L’Italia sprofonda. Se tornasse su epurata dai troppi capannoni che ne hanno sfregiato il territorio, e che poi sono stati i primi a crollare, non sarebbe forse meglio? Mi passa la voglia di raccontare, vedendo accadere queste cose in uno dei paesi più fortunati e belli del pianeta; e più ricchi, di tutto. Mi passa la voglia di vivere in un paese così stupido. Così folle.
Mi stavo rivedendo qualche documentario sulla guerra del 1991 nella ex Jugoslavia. Anche lì follia. Passando i giorni con una delle persone più deliziose, generose e ricche che mai mi sia capitato di incontrare, ho parlato anche di questo.
Incontro Vlada un mattino di maggio ad Apatin. Sto discutendo con Nicola su come riprendere il nostro viaggio: sono stanco, arrabbiato.
Mi giro e vedo questo ragazzo alto, sorridente, in tenuta sportiva. Lui ha una barca e ha fatto un viaggio bellissimo lungo il Danubio fino al Mar Nero. Vlada ha 34 anni vive a Novi Sad, Serbia. Mi racconta molte cose e mi, ci regala un mondo. Il suo.
Era il 17 maggio quando ho lasciato Bela ed i suoi regali a Mohacs. La sua foto è tra le immagini della galleria flickr. Vi prego sfogliatela. Ci sono le foto meravigliose di Anna Sandrini e Leon Greco, e le mie, molto meno belle. Vi raccontano molto più delle mie parole il viaggio.

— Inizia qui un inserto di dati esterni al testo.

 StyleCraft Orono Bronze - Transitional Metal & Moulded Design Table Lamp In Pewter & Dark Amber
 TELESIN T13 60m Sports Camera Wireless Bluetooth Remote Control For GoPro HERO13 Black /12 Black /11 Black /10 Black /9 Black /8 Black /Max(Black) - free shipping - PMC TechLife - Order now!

Prima di raggiungere la Serbia dobbiamo fare i documenti di uscita. Perchè? Boh. Dobbiamo risalire il Danubio per 2 km, qui c’è una corrente fortissima a 10 km/h e soffia anche un ventone da nord con raffiche a 60 km/h. La polizia ungherese, malgrado le chiamate di Bela, vuole che ci rechiamo la.
Sulla guida era segnato un km sbagliato e siamo passati. Errore capitale quando si è sul Danubio. Risalire è duro, duro e ci viene concesso con Serena. Con Clodia non ce l’avrei mai fatta.

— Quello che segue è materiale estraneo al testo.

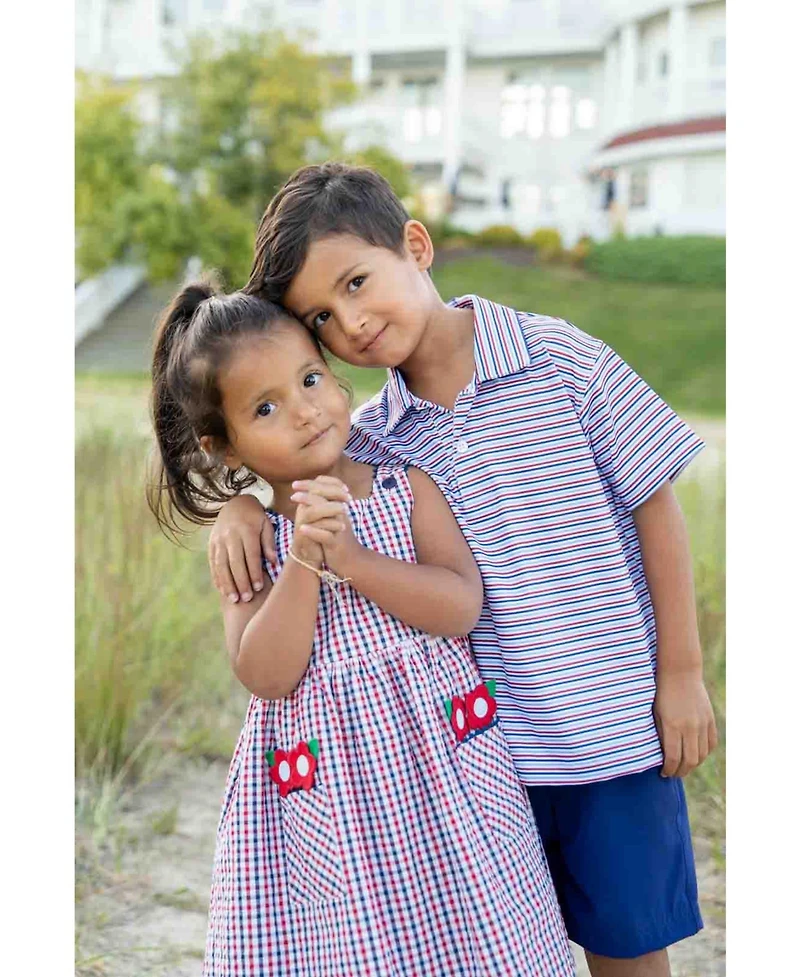 Florence Eiseman Big Girls Plaid Seersucker Dress With Flowers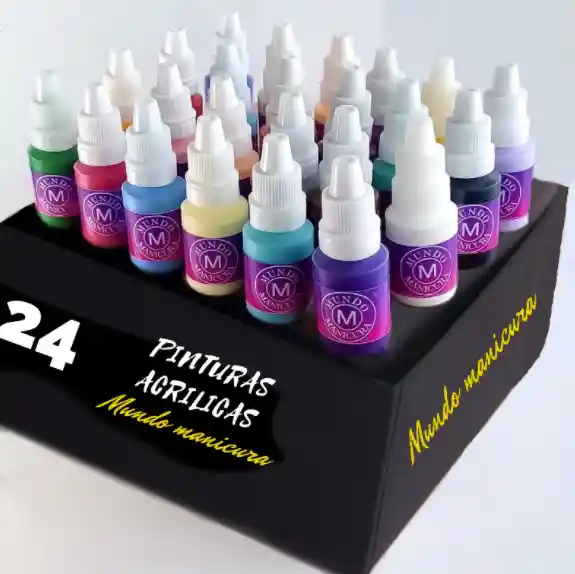 kit de 24 pinturas acrilicas para nail art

Non capiamo ancora perchè dobbiamo espletare le pratiche per uscire dall EU ma ci adeguiamo. 6 uffici. Una mezzoretta e molta gentilezza e professionalità da parte degli ufficiali. Torniamo da Bela e ricevo anche un bellissimo fiocco (nel senso della vela di prua, che si chiama appunto fiocco) in regalo.
Partiamo con il cielo che si apre a nuvole veloci e io che procedo con Clodia a 15km/h con la sola mezzana, la vela piccola a poppa. Le raffiche sono potenti. Fumo sull’acqua.
Poi il vento cala e posso issare la randa con tre mani di terzaroli. Volo! Massima velocità 18 km/h che sono, in nodi quasi 10. Non male. In 3 ore siamo a Beszdan, al confine con la Serbia. Sapete che io non sopporto i confini.
Ci fermiamo ad un pontone galleggiante, saliamo una ripida scala ed entriamo condotti da un ragazzo di una nave in sosta verso l’ignoto terrorizzante della burocrazia Serba. L’edificio è inequivocabilmente da vecchia cortina di ferro ma molto bello e curato, soprattutto nel verde immenso, intorno. Corridoi silenziosi.
L’ufficiale, giovane, ci guarda con un viso di pietra: “passport!” Poi ci prende i passaporti. Compare nel corridoio un capitano, divisa più amichevole del blu e azzuro della polizia. Un viso simpatico con due baffi da Stalin, un po più piccoli. Entriamo nel suo ufficio: è grande, due schermi, televisione accesa su un notiziario. Cirillico. Belle carte di navigazione.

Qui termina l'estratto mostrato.